Page left the state for a time. He moved back to Missouri as the president of Western College and Industrial Institute at Macon and by 1918 was president of Roger Williams University in Nashville, Tennessee. In 1920 he returned to Oklahoma due to ill health. When recuperated, in 1922 he accepted a position as principal at Oklahoma City’s Douglass High School. He soon became the supervising principal of the city’s separate school system. Inman Page died on December 21, 1935, at the home of his daughter, Zelia Breaux, in Oklahoma City.
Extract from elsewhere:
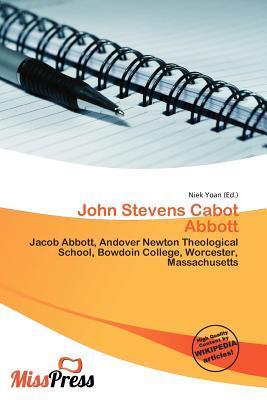 John Stevens Cabot Abbott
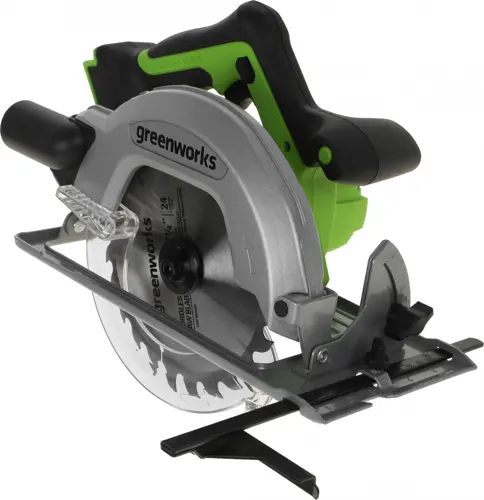 ����������� ���� (��������) Greenworks GD24CS (������) D �����.:185�� (1500907) (1500907)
Sadie Tanner Mossell Alexander, who accomplished many “firsts” during her lifetime, was born on January 2, 1898 in Philadelphia. Alexander was born in the house of her distinguished uncle, Henry Osawa Tanner, award-winning painter of religious subjects. She was the granddaughter of Benjamin Tucker Tanner, bishop in the African Methodist Episcopal (AME) church, editor of the Christian Recorder from 1868 to1884 and founding editor of the African Methodist Episcopal Church Review, from 1884 to 1888.
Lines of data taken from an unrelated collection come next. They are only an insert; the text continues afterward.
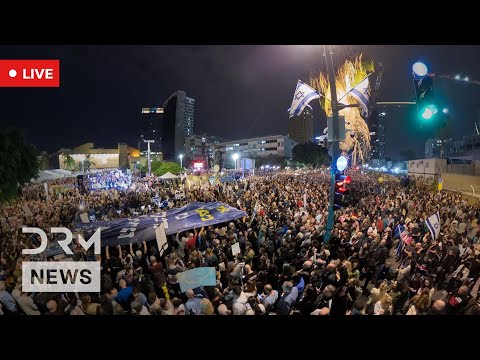 LIVE: Inside Hostages Square, Tel Aviv – Uniy at Hostages Square | AH1G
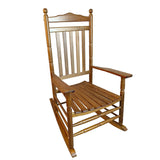 Balcony Porch Adult Rocking Chair - Furniture Home Direct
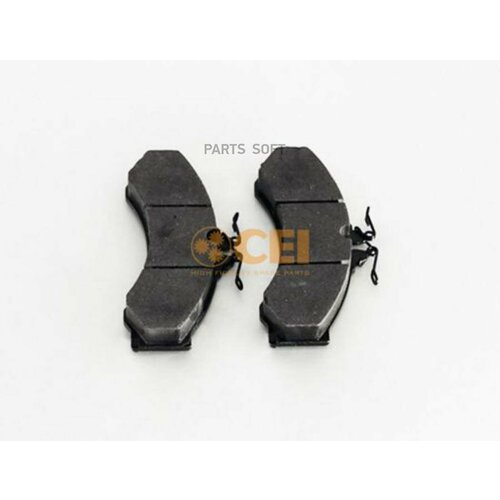 CEI 584027 Колодки тормозные передние к-кт 4080₽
Alexander attended high school at the M Street High School (later Dunbar High School) in Washington, D.C., where she was encouraged to continue her education by the historian, Carter G. Woodson. After high school, Alexander was persuaded by her mother to attend the University of Pennsylvania, where he family had strong ties. Her father, Aaron Albert Mossell, was a graduate of Lincoln University and the first African American to graduate from the University of Pennsylvania Law School in 1888. Her uncle was Louis Baxter Moore, the first African American to receive a Ph.D. from the University of Pennsylvania.
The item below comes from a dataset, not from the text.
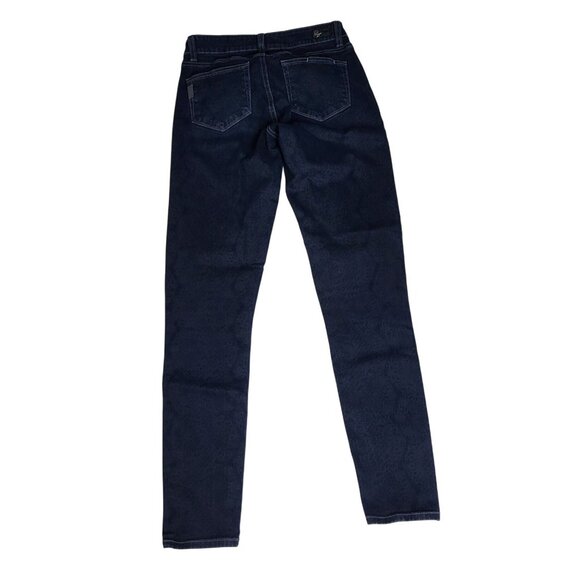Paige Womens Skinny Verdugo Jeggings Jeans Size 28 - Picture 3 of 10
In 1918, Alexander received a B. S. in Education with senior honors, and in 1919, a M.A. in Economics, both from the University of Pennsylvania. In 1921, she received a Ph.D. in economics from the University of Pennsylvania’s Wharton School, becoming one of the first black women to receive a doctorate and the first African American to receive a Ph.D. in economics. The title of her dissertation was, “The Standard of Living among One Hundred Negro Migrant Families in Philadelphia.” Alexander was proud of her graduation, “I can well remember marching down Broad Street from Mercantile Hall to the Academy of Music where there were photographers from all over the world taking my picture.” While at the University of Pennsylvania, Alexander was active in the Gamma Chapter of the Delta Sigma Theta Sorority, which was the first African-American sorority at the University. In 1921, she became the first president of the Grand Chapter, the national organization of Delta Sigma Theta, serving for five years.
Members at 1921 Delta Sigma Theta’s national Convention, hosted by Gamma Chapter at the University of Pennsylvania. Shown left to right: front, Virginia Margaret Alexander, Julia Mae Polk, Sadie Tanner Mossell; row 2, Anna R. Johnson, Nellie Rathbone Bright, Pauline Alice Young.